═════ Data excerpts

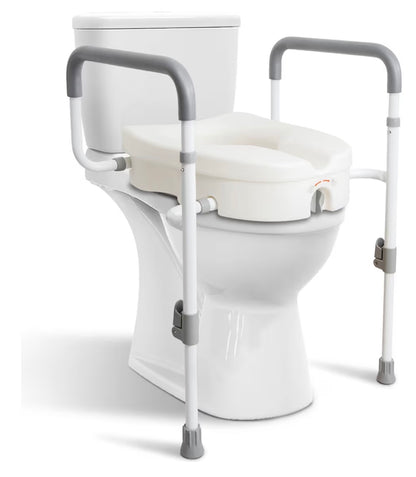 Asiento de inodoro elevado con asas para Adultos Mayores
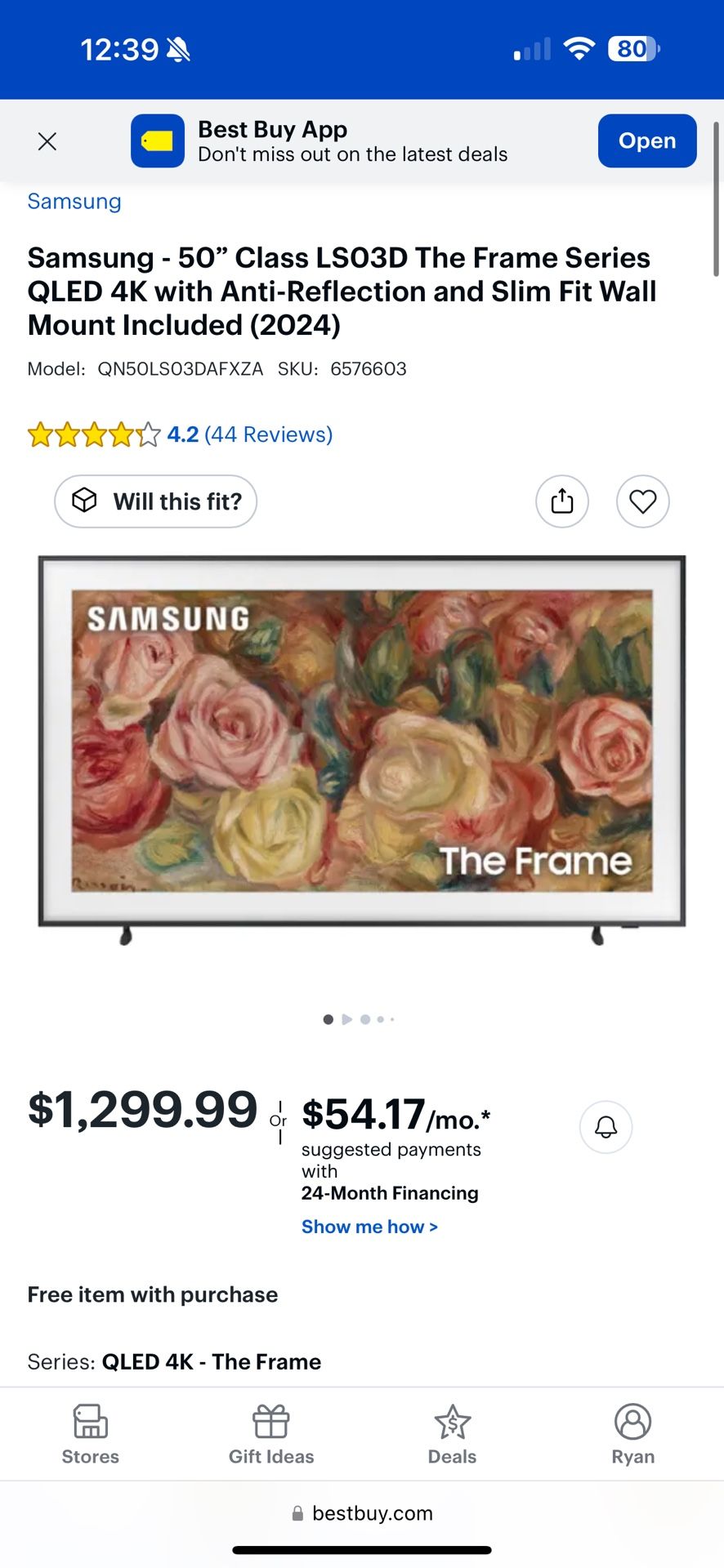 2024 Samsung Frame TV Open Box 50in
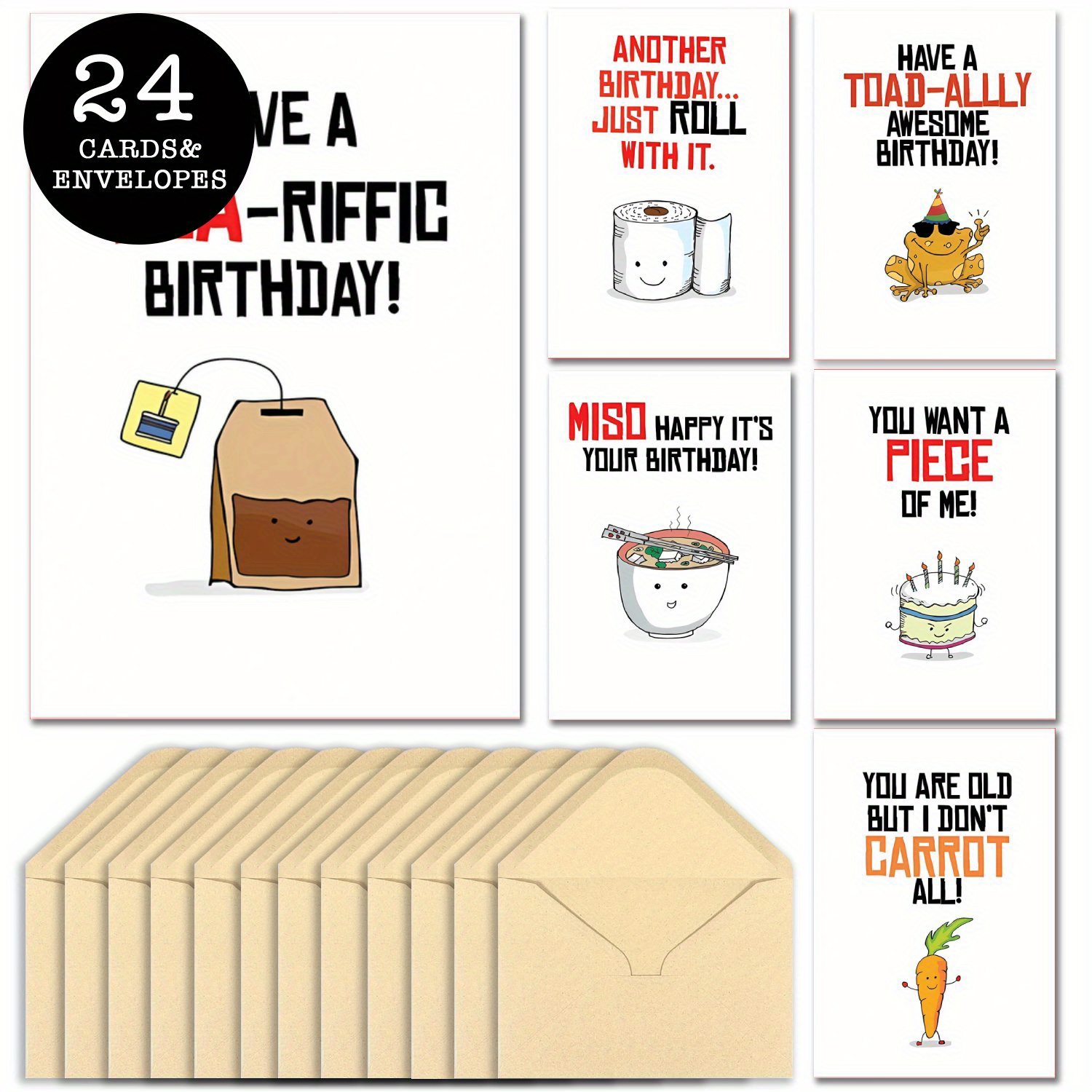 

24pcs Assorted Funny Birthday Cards With Envelopes - Christmas, Thanksgiving, Halloween & More - Ideal For Family, Friends, Colleagues & Teachers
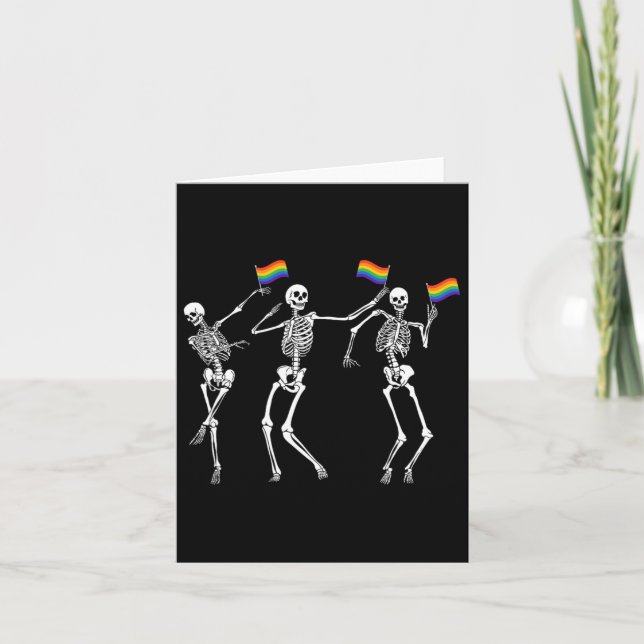 Cartão Skeleton Halloween Lgbt Sinalizador Skeleton Orgul (Frente)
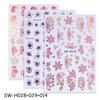 2/3 Stück Gold-Rosa Hibiskusblüten-Nagelsticker 3D Bronzefarbener Rand Blütenblätter Sakura Linien Slider Nagelaufkleber DIY Maniküre Dekor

══════════

**The task:**
The response should reproduce all the material above exactly and leave out its pictures.

**Answer for this exercise:**
 Asiento de inodoro elevado con asas para Adultos Mayores
 2024 Samsung Frame TV Open Box 50in

24pcs Assorted Funny Birthday Cards With Envelopes - Christmas, Thanksgiving, Halloween & More - Ideal For Family, Friends, Colleagues & Teachers
 Cartão Skeleton Halloween Lgbt Sinalizador Skeleton Orgul (Frente)
 2/3 Stück Gold-Rosa Hibiskusblüten-Nagelsticker 3D Bronzefarbener Rand Blütenblätter Sakura Linien Slider Nagelaufkleber DIY Maniküre Dekor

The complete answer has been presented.